Trainers, yoga teachers, and pilates instructors love it—and you will too.
Even if you do not know the bridge by name, bet you’re familiar with the pose. This resistance movement is popular among fitness trainers and yoga instructors and pilates because it is simple but strengthens your entire midsection. It is a chain exercise involving the abdominal muscles, but still offers more benefits for your glutes, hips and lower back, Garson says Grant, head coach at Chelsea Piers in New York. The bridge builds muscle, increases flexibility, and can also be easily incorporated into any routine. (Grant like as a warm up too). This is the basic position, plus a few advanced turns. To begin with, in order of three sets of 15-20 repetitions.
Lie on your back, knees bent, feet flat on the floor hip width, arms relaxed at your sides. Lift your buttocks off the floor, pushing with heels, so that his body looks like a straight line from knees to shoulders line. Squeeze your glutes and abs, hold for two seconds, then take three seconds slowly lower back to the floor to start. “Make sure you are extending your hips, not your back, and you are not pushing your shoulders so they come in closer to your ears,” says Grant.
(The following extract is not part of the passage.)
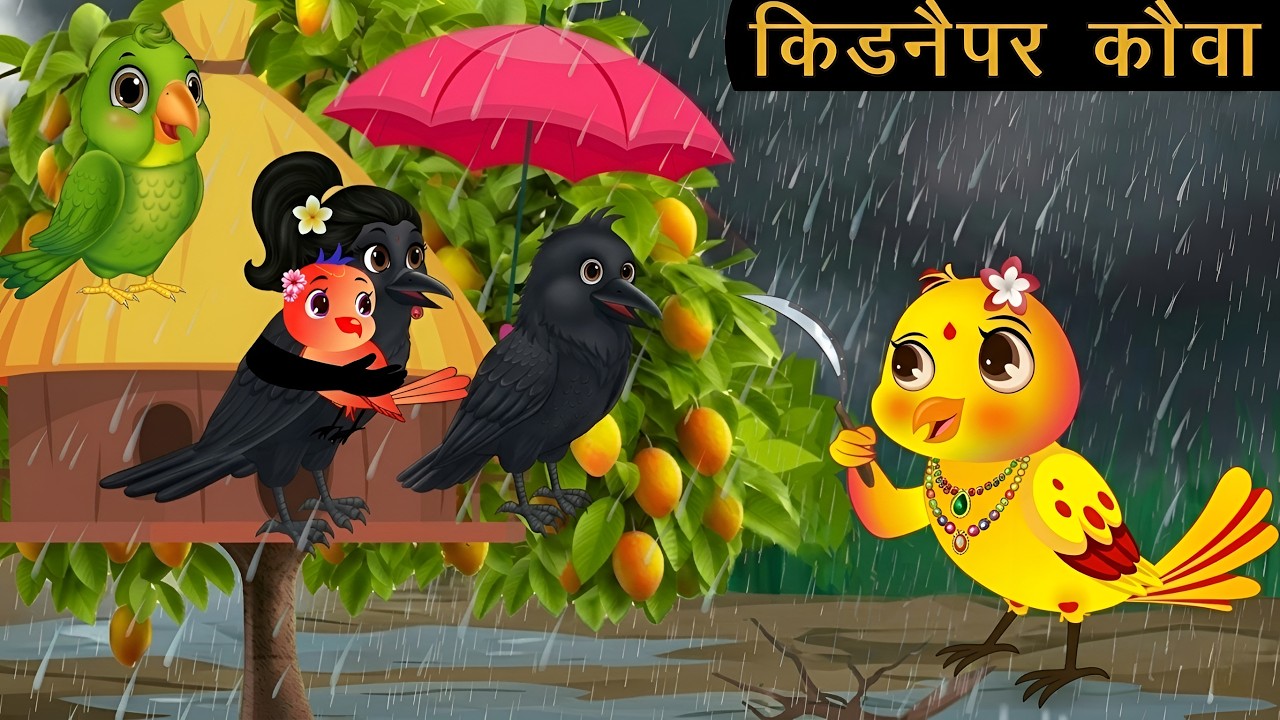 चिड़िया का जादुई बाँसुरी का घर | Episode Komal | Chidiya Wala Cartoon | Komal Acchi Cartoon| kahani |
Alteration: Hands-Up Bridge
Get in the basic position of the bridge, but this time make the move with your hands directly into the air; forces you to engage your abs and glutes more.
Alteration: Unilateral Bridge
Back to the basic position of the bridge, but this time to raise one knee towards your chest and extend all the way out, then start lifting the buttocks from the ground like a basic bridge. Working the muscles on one side of the body helps to insulate and make them stronger.